Jackson’s interest in the small university city of Lund stems from the “slave auction” incident in April, which garnered international attention.
During a party thrown by two student-run organizations, three students in blackface and ropes were “auctioned off”.
When the incident reached the attention of Jallow Momodou at National Afro-Swedish Association (Afrosvenskarnas riksförbund), a police report was filed. A few days later, Momodou went to work to find a poster of him caricatured as a slave was hung throughout both Lund and nearby Malmö.
The incident prompted Jackson to write a letter to the Swedish government calling for a national response to the incident.
In his address to the Lund student body, Jackson pointed to the Arab Spring and the Occupy Wall Street movements as evidence that change is in the air and stressed that multiculturalism and global unity are inseparable.
During his address, Jackson did not specifically mention the “slave auction” incident.
But he did answer questions about the event during a subsequent Q&A session and elaborated further on the incident at a later press conference.
Jackson explained part of his reason for writing a letter to the Swedish government was to show global unity with Momodou in Lund and felt the incident was a good example of when speaking out is a necessary course of action.

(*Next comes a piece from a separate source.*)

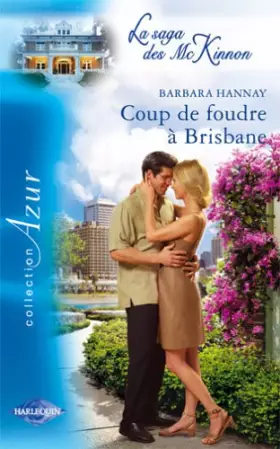 Couverture du produit · Coup de foudre à Brisbane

Describing the event itself as “a very distasteful, harmful and hurtful act”, he warned that “there are no slave trade jokes, there is too much hurt”.
According to Jackson, the lesson which can be learned from this incident is to take action. Swedes need to show the society does not accept and tolerate this type of behavior by speaking out.
“It goes against the reputation of Sweden. Swedish people are better than this.” Jackson said.
“People here do care, and caring matters.”
Jackson warned however that the incident indicated that “something beneath the surface is unsettled,”.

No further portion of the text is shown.